Racket is quite good for leetcode problems. It is functional but you can still quite comfortably write imperative programs (e.g. imperative data structures such as o(1) access arrays). The default installation of Racket comes with most of the basic data structures you need, and I haven’t run into a single instance where I would need an external library that Leetcode doesn’t import.

The special syntax for loops and iterations are, in my opinion, the most important features of a functional language. They make functional folds and maps tolerable so you won’t feel too frustrated to fallback to imperative updates.

Typed racket is even better. Occurrence typing means you have to write more type annotations than you are comfortable with if you are used to a hindley-milner style system, but the untagged unions make the code easier to refactor for small to medium sized programs on leetcode. Occurrence typing also supports some basic flow-sensitive analysis which you only see in systems with fancy types (e.g. GADTs or full-fledged dependent types).

The only situations where i used untyped racket are when the exercise is too simple or there are more runtime errors not enforced by the type checker that i would need to worry about than static type errors.

What surprises me a lot is that typed racket is indeed faster than untyped racket in many scenarios, with the only exception being problems that are so simple that the overhead of type checking outweighs the cost of the algorithm itself.

How do you even write typed racket on leetcode? It’s not supported!
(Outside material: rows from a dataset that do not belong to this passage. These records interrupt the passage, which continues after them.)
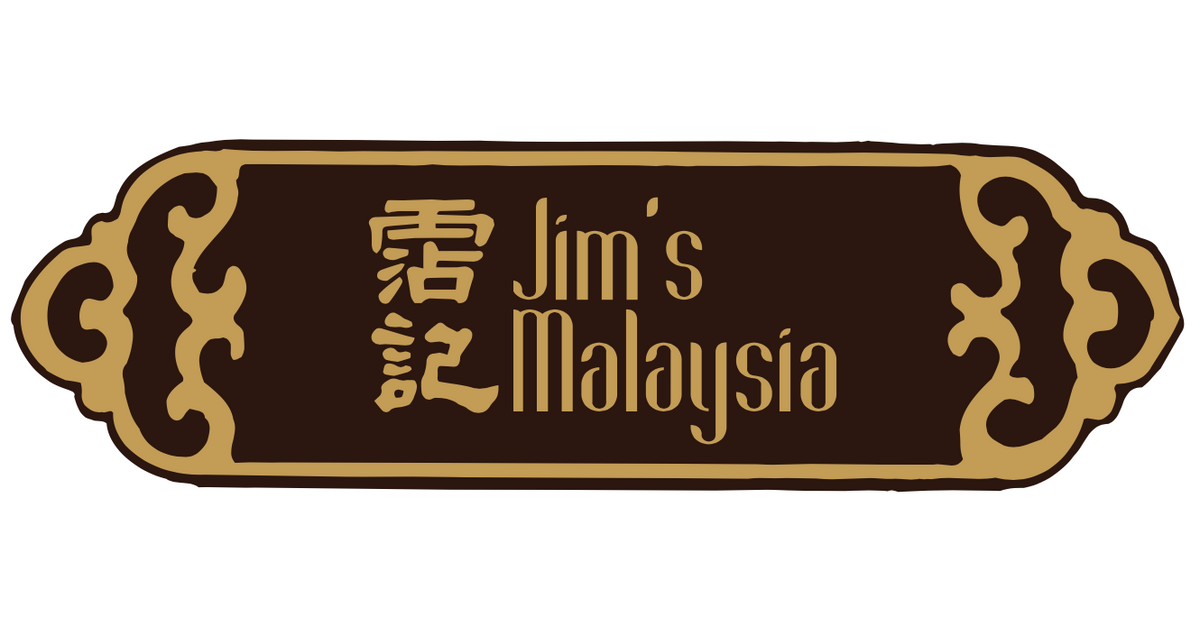 Jim's Malaysia 霑記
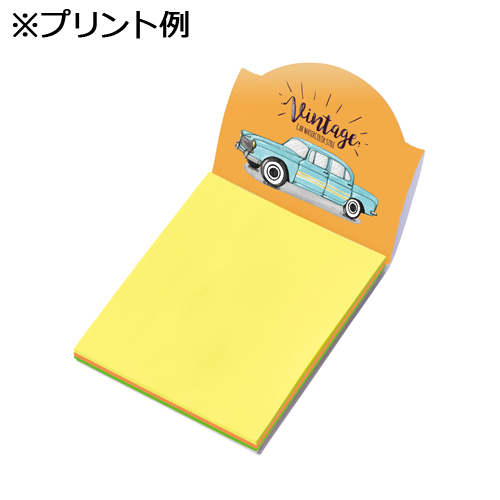 【プリント必須商品】カスタムデザイン付箋 スタンド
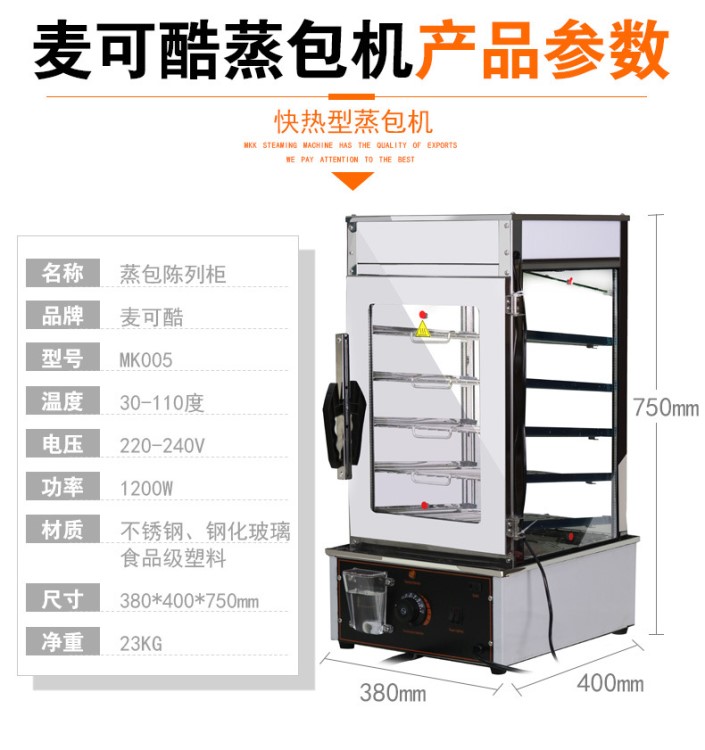 麥可酷直銷 超市便利店用臺式蒸包機 商用蒸包柜可蒸燒麥粽子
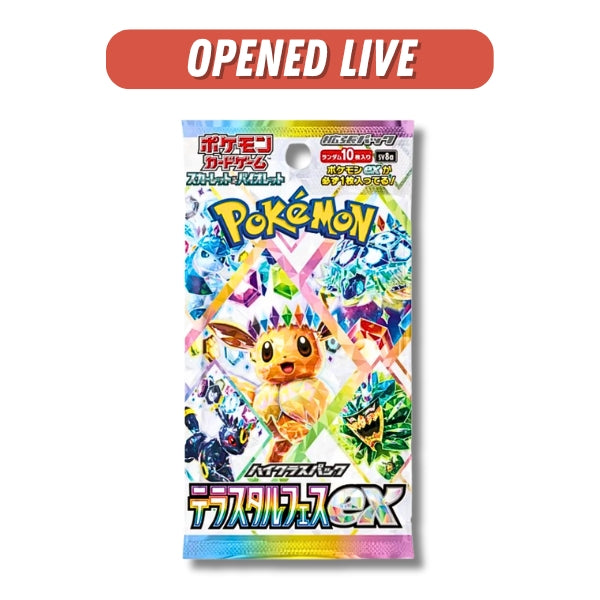 Terastal Festival EX Pokemon JAPANESE Booster Pack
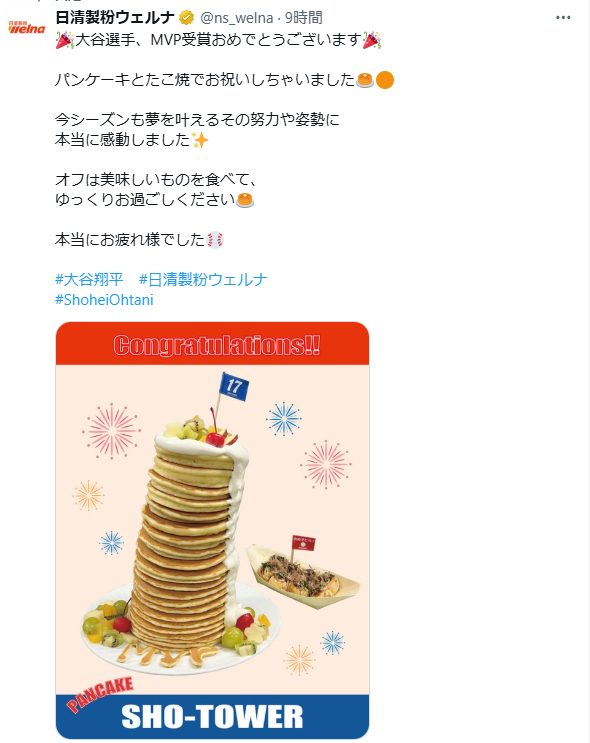 日清製粉ウェルナのXから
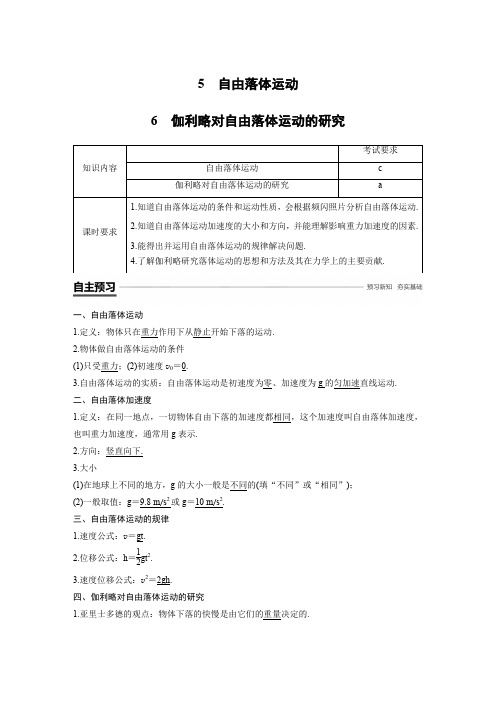 第二章  第五节 自由落体运动以及伽利略对自由落体运动的研究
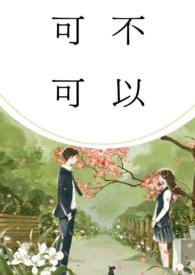 �ɲ�����(У԰1v1,H)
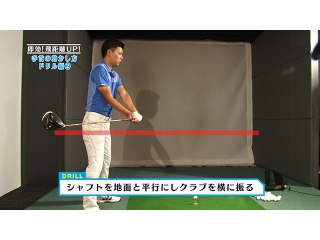 (7) 手首の動かし方 ドリル編 2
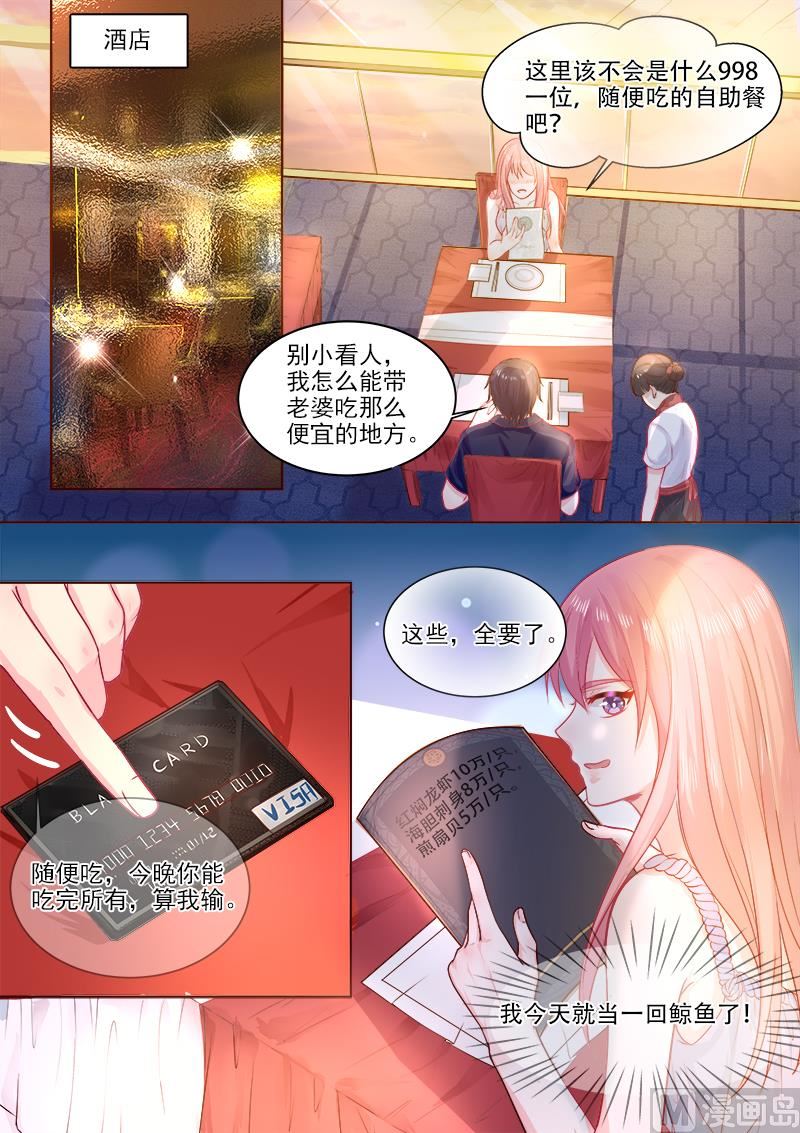 我的霸道男友韩漫全集-第325回  我的天使无删减无遮挡章节图片 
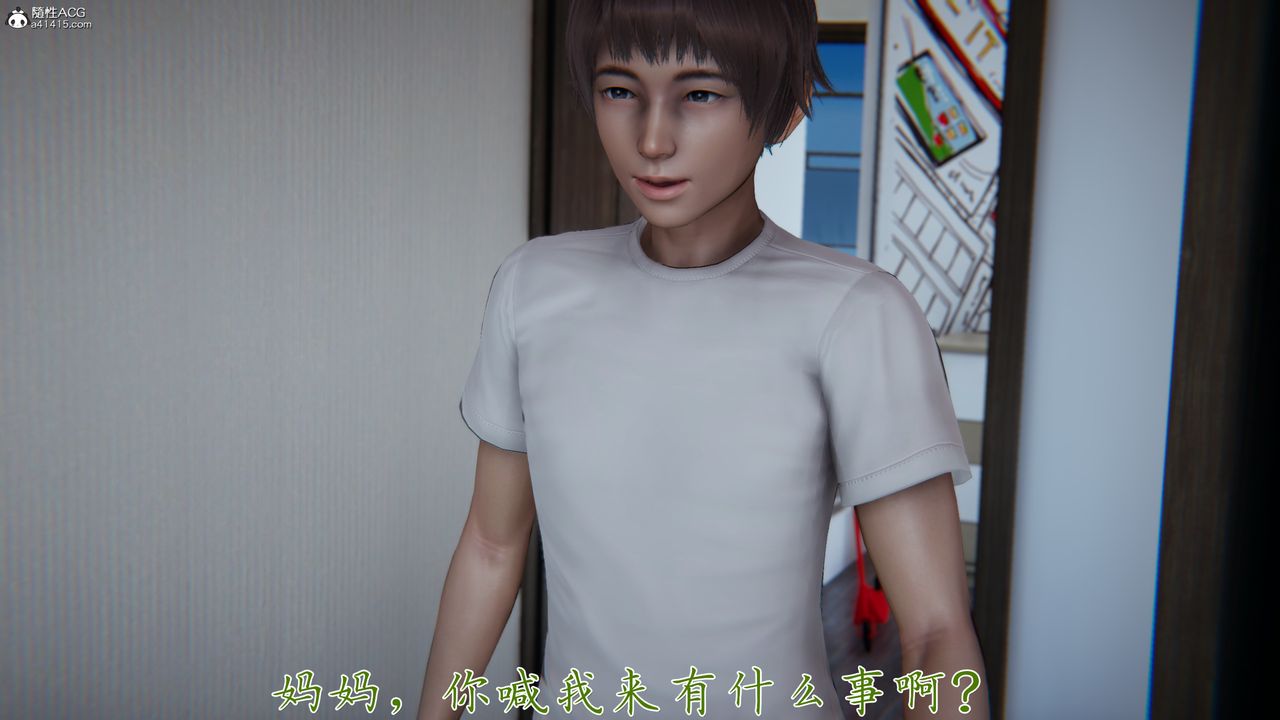 [3D]妈妈成了家裏保姆儿媳妇第18話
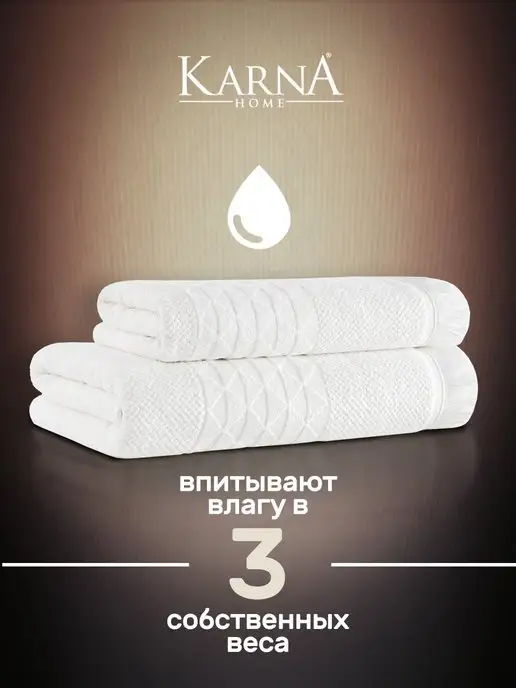 KARNA Набор полотенец для ванной банных, бамбук, бежевый, фото 7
You can use the following hack to write any officially supported Racket dialects on Leetcode, including R6RS and lazy racket.

Suppose Leetcode asks you to implement the following function foo.

(define/contract (foo x)
  (-> string? string? ))

The code will be passed to an environment that uses #lang racket, the default untyped racket language.

To write foo in typed racket, we wrap foo inside a submodule M, which can use any dialect it wants, and then load the submodule from the outside.

;; The name M doesn't have any special meanings
(module M typed/racket
  ;; export foo so it's brought to scope when required
  (provide foo)

  ;; typed racket definition of foo
  (: foo (-> String String)
  (define (foo x)
     ... ))

(require 'M)
;; now foo is available!

Since typed racket functions can be directly called by untyped code, leetcode will happily accept the program snippet. When untyped code calls foo, which is from a typed module, Racket will perform dynamic checks to ensure that foo does take a String as its input.

Of course, you can use the same trick to write lazy racket.

(module M lazy
  (provide foo)

  ;; define foo in lazy racket
  (define (foo x)
     (+ x 1)))

;; need to do some extra work to force the output of lazy racket functions
(require (prefix-in M: 'm))
(define (foo x) (force (M:foo x)))

Did you get a job from writing racket during interviews?

No lol

While Racket is available on Leetcode, I don’t see it being supported anywhere on the online coding platforms that companies use. I’ve started writing a bit more OCaml because it’s supported on code signal with the batteries library preloaded.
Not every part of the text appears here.